Письму твоему я очень рад. К занятию этому и всему, что с ним связано, ты относишься как профессионал, хотя, слово это изнасиловано нашими титулованными графоманами от литературы. Профессионал нынче тот, кто себе дачу и поездку в Париж добывает литературой. И знаешь, у меня подспудное убеждение, что ни один стоящий писатель себя профессионалом не считал, хотя всегда имел перед собой образец того, кто, по его мнению, был профессионалом. Пожалуй, из недавно живших профессионалом был Хэм и считал себя таковым. Многие считают за профессионализм умение оболванить собственные хорошие вещи, как это делал Фицджеральд. Ну и как наиболее близкий пример профессионализма (не по яркости примера, а по доступности его, что ли) — моя повесть «К вам и сразу обратно». Была ведь неплохая повесть, и я ее Профессионально так оболванил, что самому читать стыдно. Ты и сам это почувствовал, вроде все складно, а душе противно.
Борька, ты зря на жестокое письмо бочку катишь. А как же быть? Это скотское лошадиное занятие на сю сю сю не вырастает. Сю сю сю для графоманов, а я все-таки слишком уважаю особенности твоей башки, хотя бы и путной страницы никогда не написал. И потом. Боря, проза обладает таким свойством, что по виду рукописи, по шрифту машинки или собственным строчкам ты видишь на бумаге то, что есть у тебя в голове, но ни в коей мере нет на бумаге.
Фиолетовая повесть — отлично! Вот это, Борька, уже высокий класс, это уже твоя индивидуальность, сподобь тебя господь справиться с этим, и ради одного фиолетового странного цвета не грешно ее переписать пару лишних раз. Это хорошо, Боря. По настоящему хорошо. Фиолетовый цвет очень странен, капризен, потусторонен, что ли.
Насчет фамилий друзей: как рабочие ориентиры — все правильно: Я и сам всегда так делаю.

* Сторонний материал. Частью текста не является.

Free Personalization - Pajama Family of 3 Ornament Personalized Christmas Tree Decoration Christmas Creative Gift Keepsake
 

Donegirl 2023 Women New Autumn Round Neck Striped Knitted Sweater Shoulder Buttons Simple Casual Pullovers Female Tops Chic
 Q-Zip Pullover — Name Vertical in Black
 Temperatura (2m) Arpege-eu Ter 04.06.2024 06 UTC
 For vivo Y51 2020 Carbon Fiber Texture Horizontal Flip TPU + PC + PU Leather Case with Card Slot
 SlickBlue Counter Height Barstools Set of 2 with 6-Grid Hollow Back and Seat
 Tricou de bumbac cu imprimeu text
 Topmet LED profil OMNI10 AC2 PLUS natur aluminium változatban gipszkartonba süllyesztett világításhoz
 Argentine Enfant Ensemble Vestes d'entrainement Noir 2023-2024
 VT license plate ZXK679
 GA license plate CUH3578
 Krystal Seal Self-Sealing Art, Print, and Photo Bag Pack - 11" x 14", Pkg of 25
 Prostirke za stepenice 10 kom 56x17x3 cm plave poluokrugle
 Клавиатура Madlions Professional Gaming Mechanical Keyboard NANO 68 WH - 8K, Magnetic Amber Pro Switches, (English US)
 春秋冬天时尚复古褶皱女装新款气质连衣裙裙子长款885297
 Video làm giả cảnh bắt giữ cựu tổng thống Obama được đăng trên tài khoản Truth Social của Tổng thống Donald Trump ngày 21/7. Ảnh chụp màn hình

Для кого писать? Боря, ведь нет на этот вопрос единого ответа. Каждый тут одинок и сам по себе, и каждый делает это по разному. Мало найдется идиотов, считающих, что они пишут для человечества. Насчет их ты прав. Я всегда пишу для какого-то одинокого и абстрактного парня, который сидит где-то на полярке или в разведке, или живет в Житомире в каком-нибудь «сучьем кутке». Главное — для одинокого парня. Реши эту проблему просто: для кого тебе не жалко положить душу на бумагу, вообрази этого реального или вымышленного человека и пиши для него и только для него. Но помни, Боря, твои же слова: автор всегда добр, отходчив; если он страдает и злится, то не за себя, не за свою неизлитую желчь, не за то, что у него (лично) потолок обвалился. Я убежден, что без человечески доброго автора нет литературы. И я убежден, что творческое бесплодие наших литературных генералов от того идет (среди них есть ведь и приличные технари), что себя они любят, свое положение, свой ранг и только. От этого и бесплодны.